George Ronald York (February 6, 1943 – June 22, 1965) and James Douglas Latham (April 21, 1942 – June 22, 1965) were an American spree killer duo who are the most recent people to be legally executed by the U.S. state of Kansas.

==Killing spree==

In late 1959, York and Latham met at Fort Hood, Texas, where both were privates in the United States Army. Latham had come to Fort Hood from Fort Carson, Colorado, where he had undergone basic training between May and July 1959. In May 1961 York and Latham (aged 18 and 19 at the time, respectively), who did not want to share their barracks with black soldiers, went AWOL, escaped from an Army stockade in Fort Hood, Texas, where the two were each serving six-month sentences, York for going AWOL and Latham for theft, and decided to travel to York's hometown of Jacksonville, Florida.

On May 26, they encountered Edward J. Guidroz in Mix, Louisiana. York and Latham badly beat him and stole his truck. On May 29, they met Althea Ottavio and Patricia Hewett, visitors from Georgia, in Jacksonville, where they had spent the day, shopping. According to the Federal Bureau of Investigation, York and Latham strangled both women with their own stockings, stole their money, and dumped the car they had been driving in a ditch.

On June 6, York and Latham attempted to rob a man in a Cadillac near Aiken, South Carolina, but the shots they fired at him missed, and their would-be victim escaped. On June 7, York and Latham murdered 71-year-old John Whitaker in Tullahoma, Tennessee. They took Whitaker's car and abandoned the first truck they had stolen.

On June 8, York and Latham abandoned Whittaker's car near Troy, Illinois, and hitched a ride from a passerby named Albert Reed. They murdered Reed, dumped his body in a creek, and commandeered his car.

Several miles outside of Edwardsville, Illinois, York and Latham killed gas station owner Martin Drenovac, and stole gas and money from the station. They continued their cross-country killing spree in Wallace, Kansas where on June 9, they shot 61-year-old Otto Zeigler to death, then took his wallet. On June 10 in Craig, Colorado, they killed 17-year-old motel maid Rachel Moyer, dumping her body and her few belongings in a ravine.

==Arrest and confession==

Later on June 10, 1961, York and Latham were arrested in Tooele County, Utah, for violating the federal National Motor Vehicle Theft Act, which prohibited transportation of a stolen vehicle across state lines within the United States. On June 11, York and Latham bragged to investigators that they had killed eight or nine people since they left Fort Hood.
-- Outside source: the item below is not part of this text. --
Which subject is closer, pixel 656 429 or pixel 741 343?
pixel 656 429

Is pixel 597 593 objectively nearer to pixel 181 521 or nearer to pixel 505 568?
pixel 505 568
Police later learned that nine people were attacked by York and Latham, but two of them had survived. York and Latham claimed that being placed in a mixed-race unit in the army led to their desire to desert.

Execution loomed over the pair in a number of different states; had they been tried by Florida, Illinois or Tennessee, they would have most likely been electrocuted. Had they been tried by Colorado, they would have most likely been gassed. Ultimately, they were tried by Kansas, where hanging was the prescribed method of execution.

==Trial and imprisonment==
York and Latham were tried in Kansas for the killing of Ziegler. They were convicted by a jury and sentenced to death by Judge Benedict P. Cruise on November 8, 1961. While on death row in Kansas, York and Latham associated with Richard Hickock and Perry Smith, the subjects of Truman Capote's book In Cold Blood. York and Latham's crimes are described in Capote's book, and the men are portrayed in the work as flippant, snide, and lacking any degree of remorse.

==Executions==
York and Latham were executed by hanging at Kansas State Penitentiary (now known as Lansing Correctional Facility) on June 22, 1965. Latham was executed first, followed by York. Latham's last words were "I'm not mad at anybody." York's last words were "There is nothing to say but that I'm going to heaven."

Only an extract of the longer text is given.